[AIM OF THE TASK] Your answer should hold exactly the lines below from the line with "Beatrice - Tri-color" through the line with "Экзотическая девочка из", both included, and no pictures at all.

[SOURCE DATA]
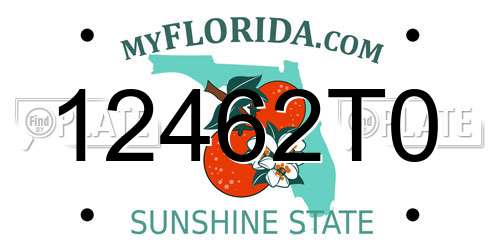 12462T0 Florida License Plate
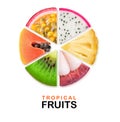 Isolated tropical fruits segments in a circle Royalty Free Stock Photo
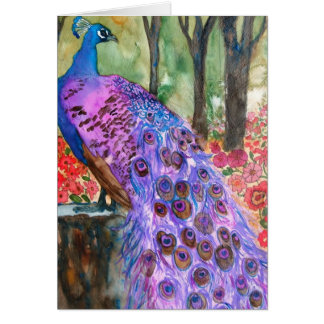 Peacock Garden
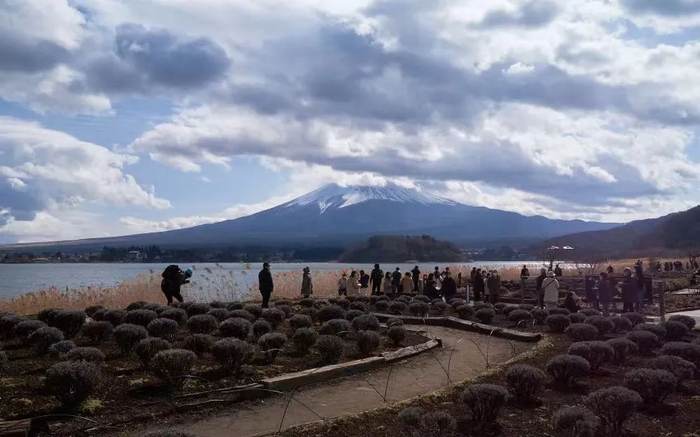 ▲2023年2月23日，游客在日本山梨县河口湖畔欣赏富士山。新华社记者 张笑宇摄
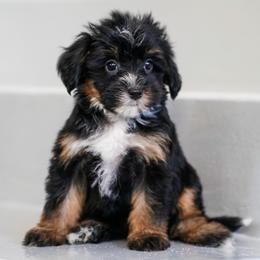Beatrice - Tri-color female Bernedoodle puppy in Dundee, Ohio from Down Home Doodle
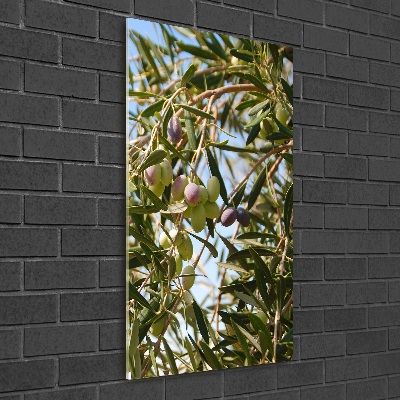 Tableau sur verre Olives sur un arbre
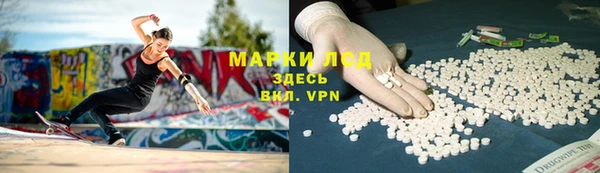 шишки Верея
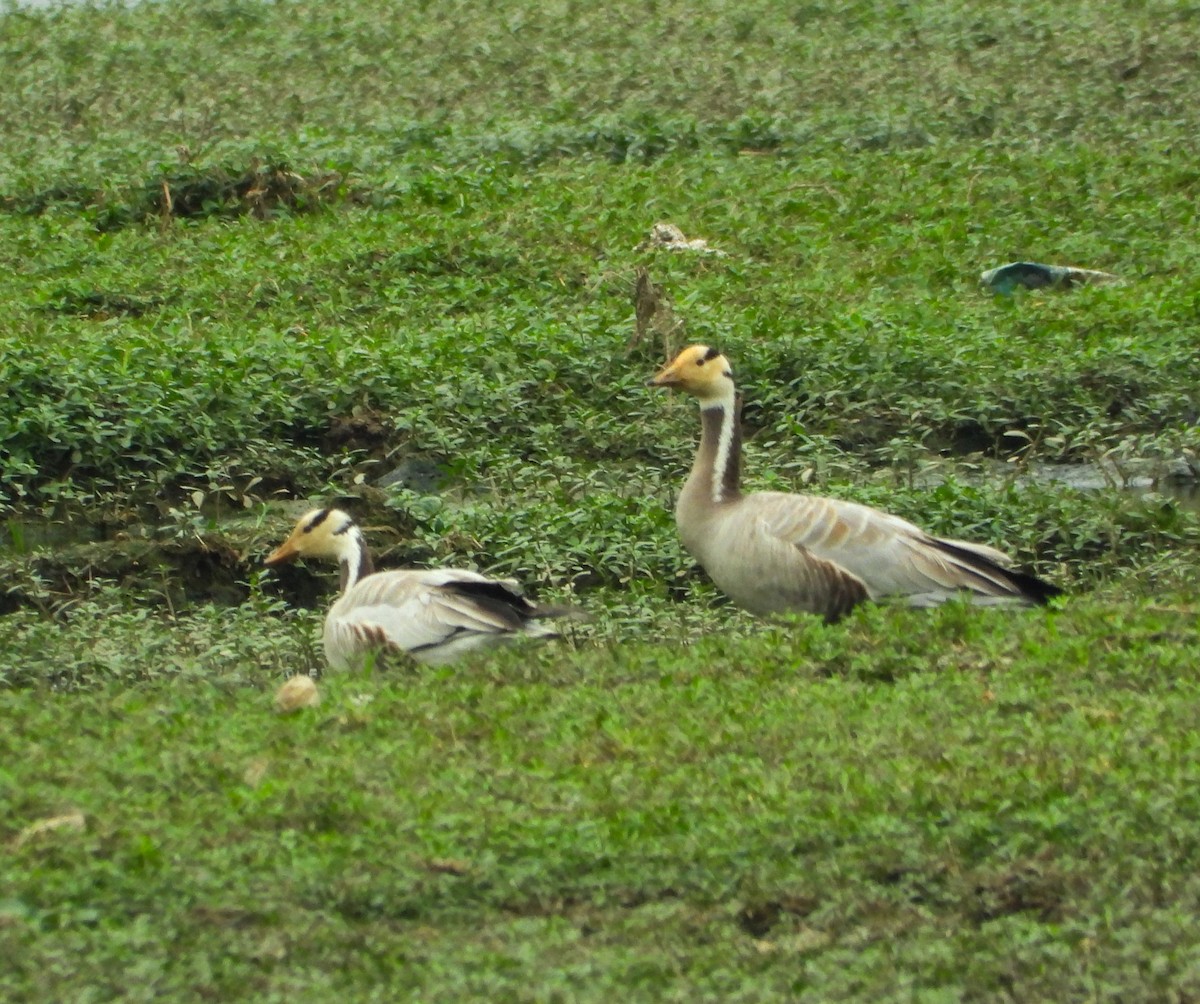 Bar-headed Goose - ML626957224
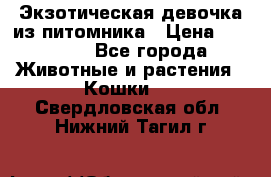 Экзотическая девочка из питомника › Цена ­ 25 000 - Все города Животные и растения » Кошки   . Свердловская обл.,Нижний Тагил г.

--

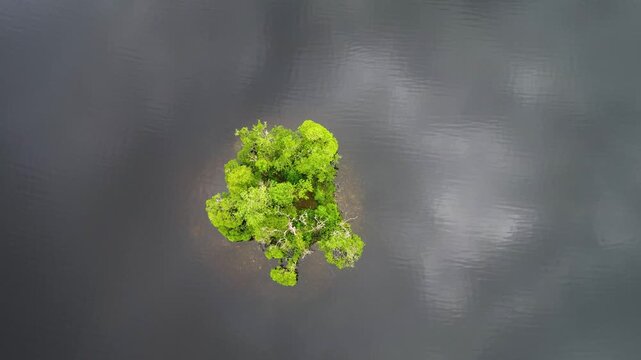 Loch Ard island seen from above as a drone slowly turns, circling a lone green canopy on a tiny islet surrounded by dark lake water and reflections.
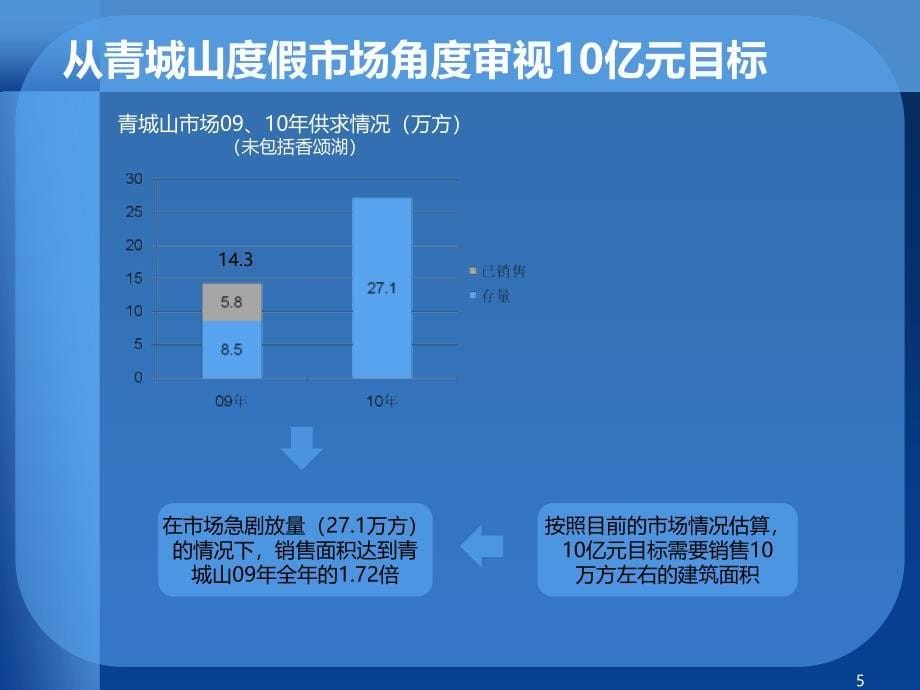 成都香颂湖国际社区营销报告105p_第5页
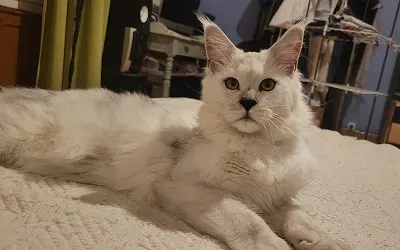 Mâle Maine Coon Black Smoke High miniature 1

[COMPLETED TASK]
Beatrice - Tri-color female Bernedoodle puppy in Dundee, Ohio from Down Home Doodle
 Tableau sur verre Olives sur un arbre
 шишки Верея
 Bar-headed Goose - ML626957224
 Экзотическая девочка из питомника › Цена ­ 25 000 - Все города Животные и растения » Кошки   . Свердловская обл.,Нижний Тагил г.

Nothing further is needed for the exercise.